Nor does Gluckstein exempt the Soviet Union from this critique. Rather he argues that the Stalinist regime was just as imperialist as in its approach to the war and to smaller countries as Churchill and Roosevelt. A particularly clear example of this is provided by the Hitler-Stalin Pact. Again I will quote directly.
The Hitler-Stalin Pact of August 1939 [was] a deal whose secret protocols divided Poland between Germany and Russia. The Nazis had murdered many thousands of German communists. All this was brushed aside, the Soviet Union providing Hitler with vital raw materials in return for weapons. When the re-conquest of Poland commenced, the Russians left the Wehrmacht to carry on the fighting, thus minimising their own risks and masking their avarice. The Nazis were asked to indicate ‘as nearly as possible when they could count on the capture of Warsaw’ as this would be the signal for Russia to grab its share. Once the fighting was over, Stalin held 52 per cent of Polish territory, and Hitler 48 per cent. Both agreed they would tolerate ‘no Polish agitation which affects the territories of the other party’. [6]
As Gluckstein points out the Russian occupation of Eastern Poland did not match the utter savagery of the Nazis (that would have been a very hard task) but it was still brutal, including the massacre of several thousand Polish officers at Katyn and the deportation of 9 per cent of the population as forced labour.
This imperialist behaviour was also practiced in the Baltic states (Gluckstein devotes a section to Latvia) and in relation to whole of Eastern Europe at the end of the War. Gluckstein naturally records the infamous cynical carving up of Europe by Churchill and Stalin at their meeting in October 1944. [7]
However, this demonstration of the imperialist character of the struggle between the Allies and the Axis powers is only the one aspect of Gluckstein’s book. It is his central argument that this imperialist was accompanied by a ‘People’s War’ which ran parallel to it. ‘The events of the 1939 to 1945 period did not constitute a single combat against the Axis powers, but amounted to two distinct wars.’ [p. 5]
This People’s War develops from below and is a popular mobilisation against fascism, imperialism and oppression which generates demands for radical social change. It includes, in Gluckstein’s account, the anti-Nazi resistance movements in Occupied Europe, the popular anti-fascist mood among working people in Britain, the development of a fight against racism in the US army and wider society, the struggles against imperialism (British, Japanese, French, Dutch) in India, Vietnam, Indonesia and China.

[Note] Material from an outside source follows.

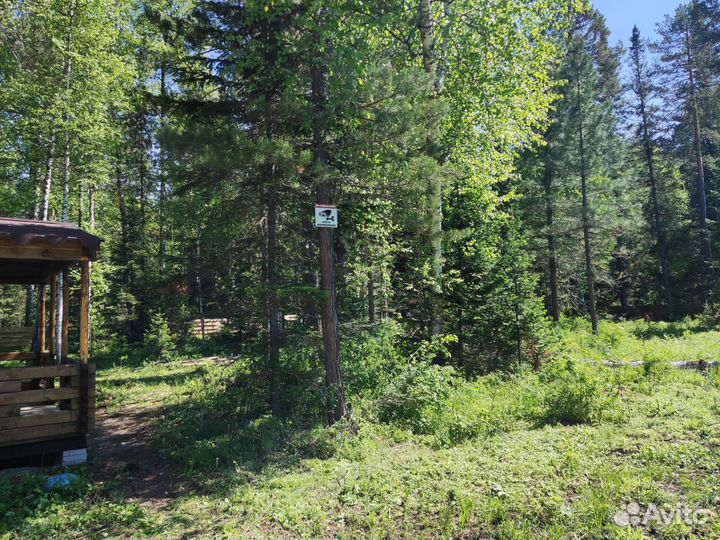 Строящийся глэмпинг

Indeed the structure of the book is determined by its focus on those places where the ‘parallel wars’ are both manifest or come into conflict and one of its most attractive and useful features is the accounts it provides (brief, but as detailed as his limited space permitted) of the various resistance movements and their exceptionally difficult and heroic struggles. It is particularly interesting to learn, without having to consult specialist academic monographs, the guts of what occurred in seldom written about places such as Indonesia and Vietnam (during the World War, that is).
While there is no doubt at all about the reality and importance of the phenomena noted by Gluckstein namely the existence of popular anti-fascist mobilisations with fundamentally different motivations from the war aims of Churchill, Roosevelt and Stalin there are, I think, significant problems in his conceptualisation of them as a ‘People’s War’ to which I will return. First I want to consider why he felt need to develop the concept.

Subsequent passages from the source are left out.